Results of serum surveys revealed a positive correlation between VNT and C-ELISA in the IC, IS, IV and SC injection groups. The correlation rates for VNT and C-ELISA were 80.6% (25/31) in the IC group, 91.6% (33/36) in the IS group, 83.3% (20/24) in the IV group and 95.8% (23/24) in the SC group, respectively (data not shown). All antibody results indicated that antibody production levels were lower in the IC group compared to others.

Viremia and distribution of AKAV antigens in various tissues

After IC injection, two viral load peaks were observed in PBMCs 4 and 8 dpi. Viremia was observed as a peak after IS injection 4 dpi and decreased after 6 dpi. After IV injection, peak viremia was seen in one cow 2 dpi. Viral antigen in PBMCs started to decline after 4 dpi. Two viremia peaks were detected in PBMCs 6 or 8 dpi and 12 dpi after SC injection (Figure 2).

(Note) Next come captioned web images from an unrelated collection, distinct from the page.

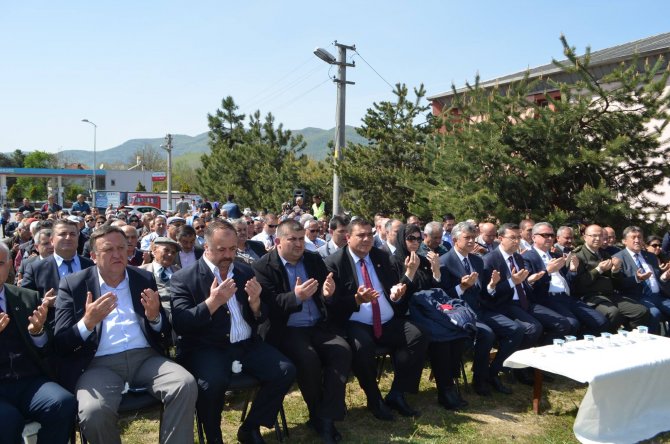 Çaycuma Köprü Faciası'nda ölenler 4. yılda dualarla anıldı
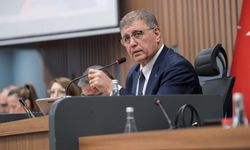 Başkan Tugay, Duman’ı ve Günay’ı unutmadı! “Özgürlüklerinden mahrum kalmaları doğru değil”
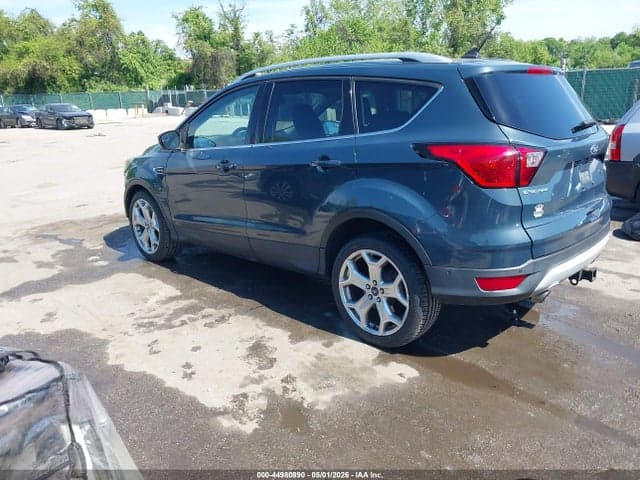 2019 FORD ESCAPE TITANIUM 3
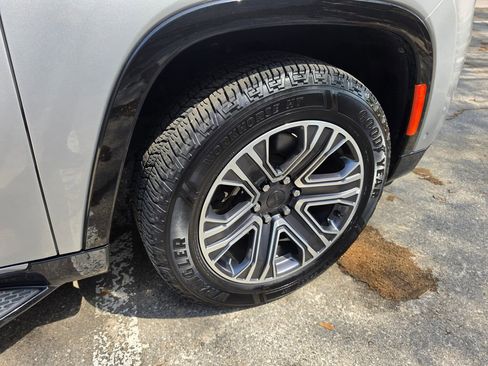 Used 2024 Jeep Wagoneer L Series II image 54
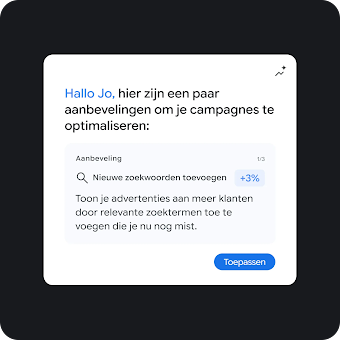 Een gebruikersinterface met de begroeting: "Hallo, Julia. Hier zijn een paar aanbevelingen om je campagnes te optimaliseren” Daaronder staat een aanbevelingskaart met het label "Aanbeveling 1/3", met een vergrootglaspictogram en de kop "Nieuwe zoekwoorden toevoegen +3%". De beschrijvende tekst op de kaart luidt: "Toon je advertenties aan meer klanten door relevante zoekopdrachten toe te voegen die je nu mist". Rechtsonder op de kaart staat een blauwe knop met "Toepassen".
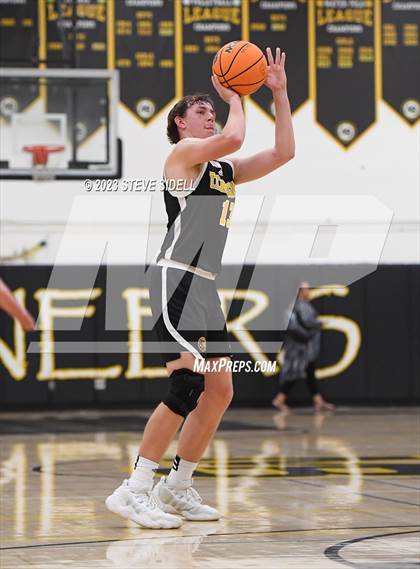 Thumbnail 1 in Santa Fe Christian vs. Temecula Valley (Buccaneers Thanksgiving Classic) photogallery.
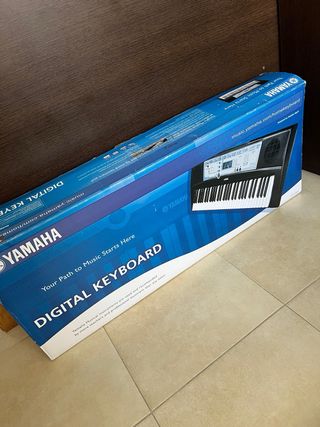 Teclado Yamaha YPT-200 (61 teclas)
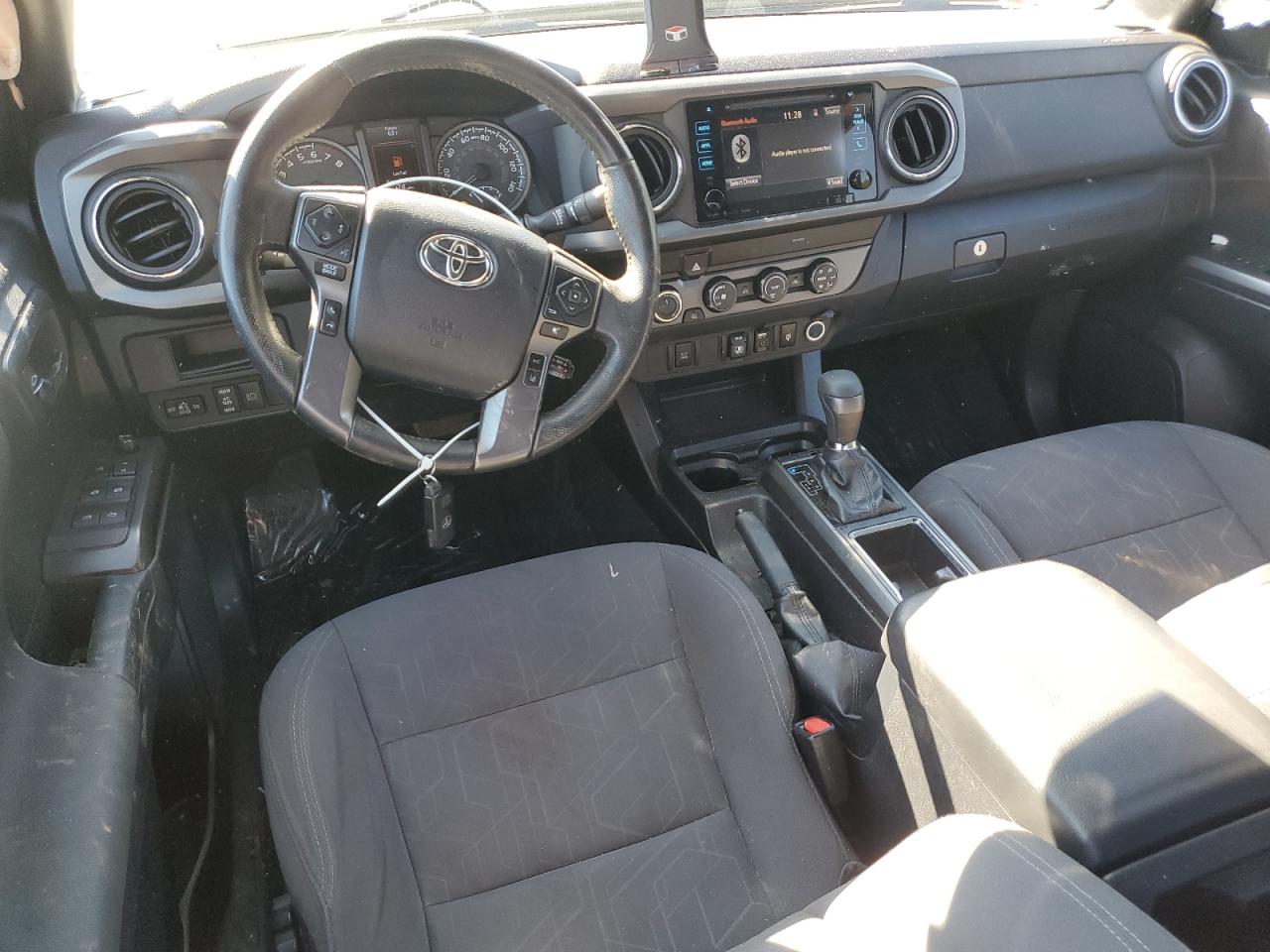 2019 TOYOTA TACOMA photo 22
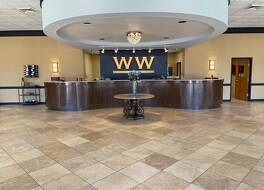 Historic Whispering Woods Hotel & Conference Center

Detection of AKAV antigen in PBMCs using quantitative real-time PCR to identify viremia. A Results of relative quantification in real-time PCR for detecting AKAV antigen in PBMCs from six cows of the IC group. In the 21 dpi planned group, two of three cows died 9 dpi and one of three cows died 12 dpi. B Results from six cows of the IS group, C from three cows of the IV group and D from three cows of the SC group.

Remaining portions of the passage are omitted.